Vrai pour le sport de contact, plus nuancé côté assiette.
La rate gonfle, un choc peut la rompre : sports de contact à éviter plusieurs semaines.
Aucun régime spécifique ne guérit : boire, manger normalement et léger suffit.
En détail
- Qui le dit ?
- L'allégation est ici une croyance populaire, pas la déclaration d'un auteur identifié. Les éléments les plus sérieux remontés viennent de revues systématiques publiées dans des journaux médicaux reconnus (Swiss Medical Weekly 2023 sur les ruptures et infarctus de la rate liés à l'infection à Epstein-Barr, European Archives of Oto-Rhino-Laryngology 2024 sur le syndrome de Lemierre).
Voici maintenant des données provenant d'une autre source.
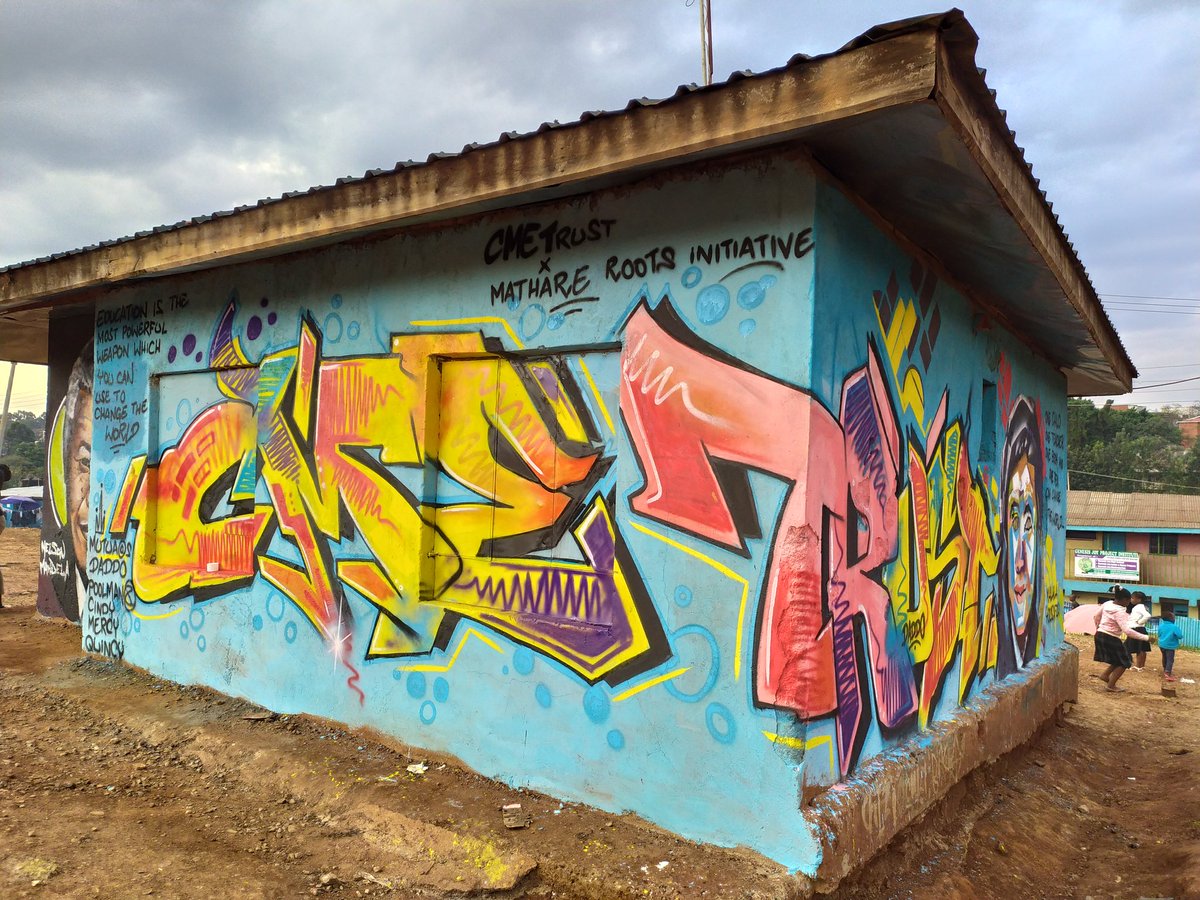 CMETrust's tweet photo. And our Mathare offices have some new faces! Such an honour to collaborate with our good friends @Mathare_Roots &amp; homegrown talents led by @MyTribeIsArt1 to celebrate education champions @Malala &amp; @NelsonMandela Thank you @KCBGroup for donating paints! https://t.co/iVi6i33wJ7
Ce sont des équipes cliniques spécialisées en infectiologie et en ORL, donc légitimes sur le sujet des complications, mais aucune de ces publications ne porte sur l'alimentation.
- Sur quelles preuves ?
- Sur le volet sport : la revue systématique de 2023 rassemble les cas publiés de rupture ou d'infarctus de la rate au cours d'une mononucléose. C'est une compilation de cas, donc un niveau de preuve faible sur le plan de la méthode, mais l'événement est rare et grave, ce qui justifie la prudence, c'est le principe de précaution qui prime ici, pas une démonstration statistique. La rupture spontanée de la rate reste très rare (de l'ordre de moins d'un cas sur cent malades), autrement dit sur 100 personnes atteintes, la grande majorité n'aura aucune complication de ce type, mais quand elle survient elle peut nécessiter une chirurgie en urgence, d'où la recommandation clinique classique d'éviter les sports de contact et de collision pendant plusieurs semaines. Sur le volet alimentation : le corpus remonté ici ne teste pas de régime spécifique dans la mononucléose. Les travaux sur la nutrition et l'immunité qui apparaissent concernent des patients opérés d'un cancer (nutrition entérale précoce après chirurgie de l'oesophage) et des adultes sédentaires, donc des populations et des comparateurs qui ne correspondent pas du tout à l'allégation. En pratique, ce qui compte c'est l'hydratation (la fièvre et le mal de gorge font perdre du liquide) et des aliments faciles à avaler, tièdes ou froids, mous, peu acides et peu épicés, non pas parce qu'ils soignent le virus, mais parce que la déglutition est douloureuse. La recommandation de la Haute Autorité de Santé (2023, mise à jour 2024) de 150 minutes d'activité modérée par semaine vise la prévention des maladies chroniques chez des personnes en bonne santé, elle ne s'applique pas telle quelle pendant un épisode infectieux aigu avec grosse fatigue, et la reprise doit être progressive une fois les symptômes passés.
- Qui finance ?
- Les revues systématiques citées sont des travaux académiques hospitaliers, sans financement industriel mentionné dans les résumés fournis. La recommandation de la Haute Autorité de Santé est un document public financé par l'État français. Aucun conflit d'intérêts commercial n'apparaît dans les sources disponibles ici.
- Qu'est-ce qu'on te vend ?
- Rien dans les sources scientifiques. En revanche, autour de ce type d'allégation circule un marché de compléments dits immunostimulants (vitamine C à haute dose, zinc, échinacée, propolis, cures détox, tisanes antivirales) présentés comme accélérant la guérison d'une mononucléose. Le corpus remonté ici ne teste aucun de ces produits sur cette maladie, il n'existe donc pas de base pour affirmer qu'ils raccourcissent la convalescence.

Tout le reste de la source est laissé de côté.